How to Give Effective Feedback for Better Performance

When it comes to making the most of an organization, providing feedback to employees is imperative to ensure worker productivity is high and turnover is low. According to The Conference Board, nine out of 10 executive-level officers are aware that employee engagement is key to an organization’s function, but only half understand how to work toward higher levels.

While employee engagement is a complex matter, one facet often includes giving employees feedback to tell them where they are doing well and where they need to improve. Since employees don’t fit into a single personality type, there needs to be a varied approach when it comes to giving feedback. 
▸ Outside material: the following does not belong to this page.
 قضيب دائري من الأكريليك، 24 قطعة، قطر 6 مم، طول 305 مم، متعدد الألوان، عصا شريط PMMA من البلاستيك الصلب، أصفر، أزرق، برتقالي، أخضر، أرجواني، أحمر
Understanding Why Feedback is Often Disregarded

Even the best performing employee with the greatest potential for advancement can still be resistant to coaching. Identifying resistance to coaching is the first step in making feedback more effective. Examples of being resistant to feedback include changing feedback meetings to a later date or feigning interest in the feedback itself, but never actually changing behavior based on the advice.

Other reasons employees may not listen to and apply feedback is that they’ve had a bad experience receiving it from past supervisors. This can occur when feedback was directed at employees by bosses who didn’t suggest any actions they could take to improve performance, or bosses who didn’t ask the employee to explain what they were struggling with in the course of their duties. Similarly, by not explaining how the feedback can help increase the chances of meeting a project’s goal or earning a promotion in the future, the lack of communication makes the feedback impersonal and less effective. 

How to Deliver Feedback More Effectively

There are many strategies to help managers provide feedback that help develop a higher level of employee trust, thereby increasing the chance of the employee receiving and applying the feedback. One good way to develop a working relationship is for a manager to highlight what a worker does well and how and why it’s important to the company’s mission, even if they aren’t a top performer.

Another way to build trust with employees is to keep feedback and performance reviews confidential. If the worker discovers his performance is being discussed beyond necessary supervisors or with other employees involved in related projects, it could damage any trust that might already have been established.

Allowing an employee the latitude to make errors, within reason, can give a subordinate the confidence needed to take the feedback to heart and incorporate it into areas where he may be struggling. Following up with a commitment to weekly mentoring sessions is another way to keep the level of trust high.

There are real-world examples of how these approaches can work. For instance, while one newly hired candidate’s performance was rated as exceeding expectations at her first annual review, she had not been focused on building work relationships with her direct supervisor or colleagues. In an organization that values relationship building among supervisors, co-workers and subordinates, her boss should give her this feedback to help her become a more well-rounded employee.

Instead of diving in to the negative portion of the employee’s conduct (where she failed to reach out to her boss for advice and other colleagues in the same department to gain different perspectives to keep learning on the job), the employee’s supervisor focused on building a relationship with the new employee by highlighting her top-notch performance. By having the employee understand the supervisor’s empathy, the likelihood of the employee improving on relationship building was higher due to the supervisor’s empathetic feedback.

While giving feedback varies with each employee, taking different approaches can and does have a positive impact on building organizational efficiency.